保育士として日々思うこと
2歳児クラスの子どもたち。3歳になったことやもうすぐ3歳になることがとてもうれしく誇らしげにしている姿があります。そんな子どもたちにとっては「3歳だから○○だもん」という言葉は、なんでも楽しくなったり、パワーの源になる魔法の言葉です。また、少し高いところから、両足でジャンプすることが楽しくなってきた子供たちは、ジャンプできる少し高いところへ登ると、きまってインタビューのようなマネッコあそびが始まります。

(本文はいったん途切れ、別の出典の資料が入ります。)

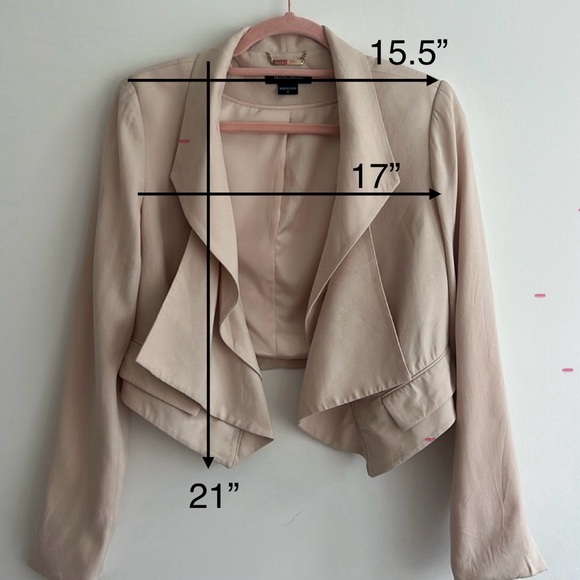 Marciano blush cropped blazer - Picture 6 of 6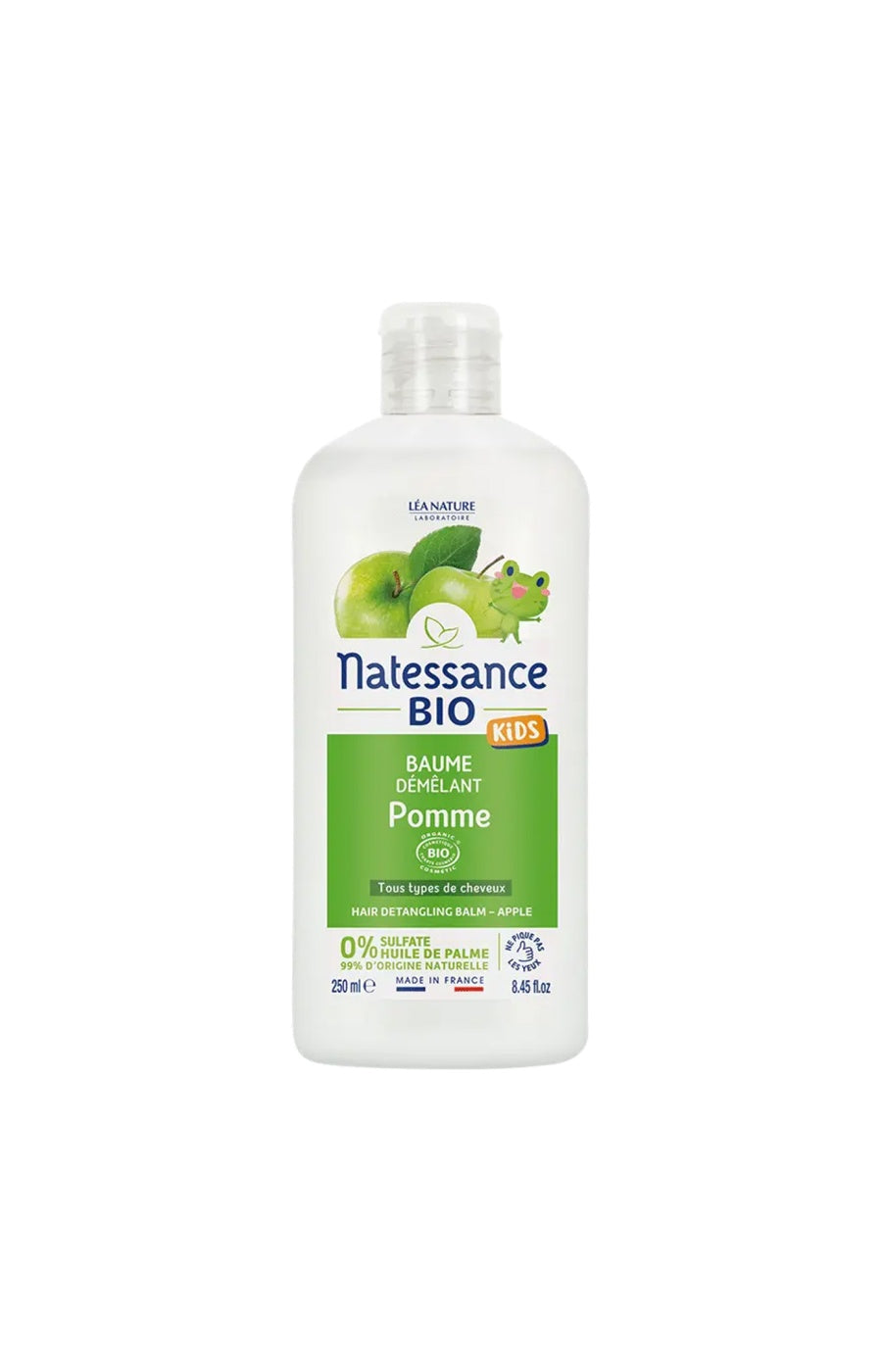 Baume démêlant bio - Pomme - Enfant - 250 ml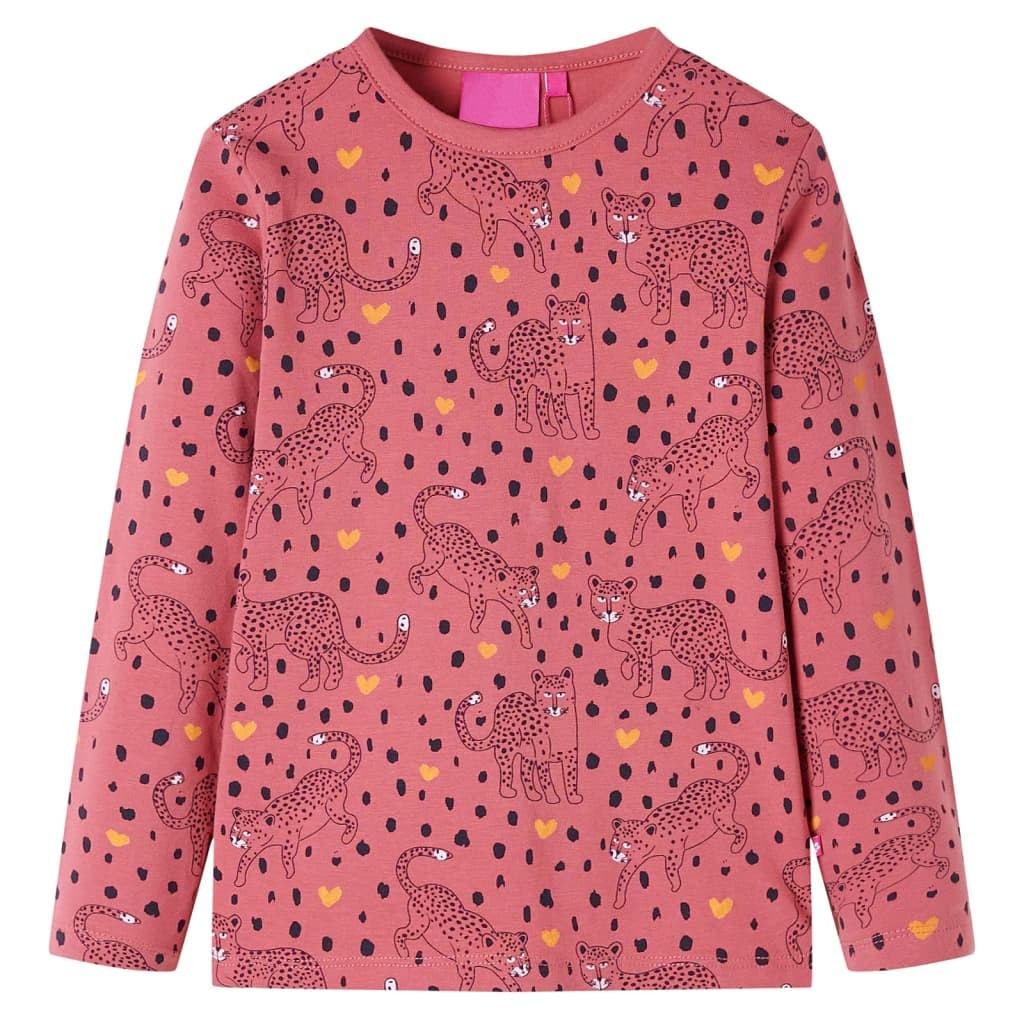 kids long sleeve pyjamas 92 dusky pink image 2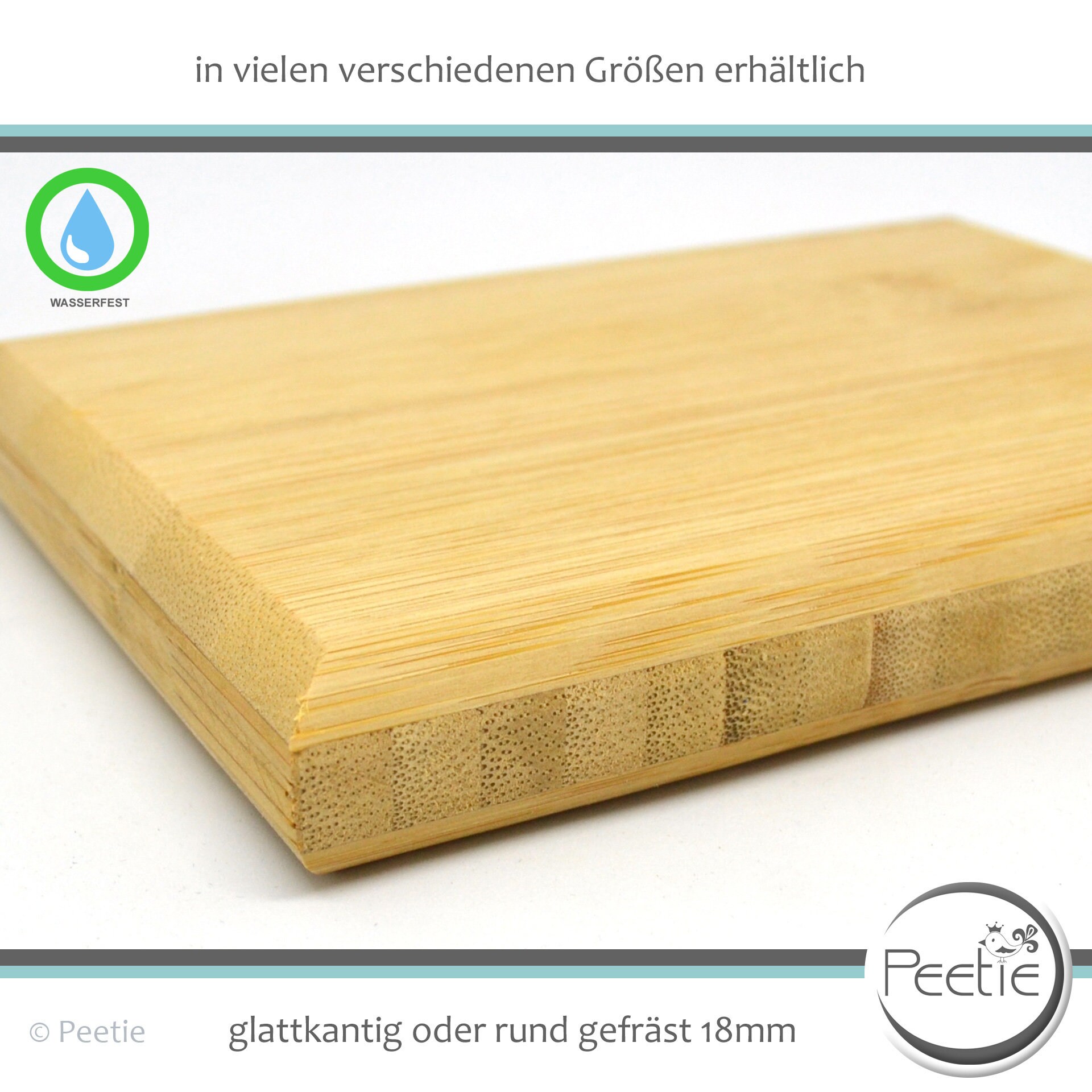 1x Holzplatte Bambus Leimholz 18mm natur Zuschnitt individuell Holz  Tischplatte Regalboden Schneidebrett Hackbrett - Etsy.de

Kちゃん:「Kです!3さいです!!」 (はりきってしゃべる)
N(保育士):「好きなお友だちは誰ですか?」
Kちゃん:「Nちゃんです(保育士の名前)」
(にっこりとインタビューする保育士の私(N)に視線を合わせて答える)
Kちゃんは、きっといつも、常に自分の気持ち通りに接してくれるお友だちのYちゃんの名前(対等な友達関係という点では課題がある)言うだろう、毎日の行動から予想していました。しかし、予想外に出てきた名前は保育士である私(N)の名前。にっこりの笑顔からでてきた言葉で聞いた瞬間うれしさがこみ上げ、保育士として日々積み重ねてきた自分の関わりが、その子の心に近づけたと思える瞬間でした。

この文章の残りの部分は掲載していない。